Chelsea Rice, for HealthLeaders Media, June 24, 2013

A trifecta of financial pressures is forcing hospitals to trim salaries and benefits, but by cutting too close, hospitals may be losing their talent pools to more competitive markets.

David Spillers, CEO of Huntsville (AL) Hospital, notified his 8,000 employees last month that in response to the fiscal losses associated with the trifecta of public and private cuts to reimbursements, the Patient Protection and Affordable Care Act mandates, and the federal budget sequester, the hospital was implementing a system-wide pay freeze with no deadline.

In addition to the pay freeze, the hospital increased monthly health insurance premiums by $40 and reduced its annual contribution to employee pensions. The cuts to salary and benefits begin at the start of the hospital's fiscal year, July 1. 

"It is a very challenging time for the healthcare industry. People in our country want all the fabulous service and technology we can provide when a loved one is in need. The problem is no one wants to pay us fairly to provide those services," wrote Spillers in the internal memo.
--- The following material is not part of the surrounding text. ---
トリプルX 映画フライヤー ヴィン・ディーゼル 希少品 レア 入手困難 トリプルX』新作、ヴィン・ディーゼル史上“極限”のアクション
Spillers isn't the only CEO worried about how the PPACA mandates, reimbursement reductions, and sequestration cuts are "crossing the streams."

In a HealthLeaders webcast last week, another hospital CEO said his organization was entering "the kill zone" of its bottom line. Cuts to reimbursements are coinciding with necessary investments to comply with federal mandates, said Allen Weiss, MD, president and CEO of NCH Healthcare System in Naples, FL.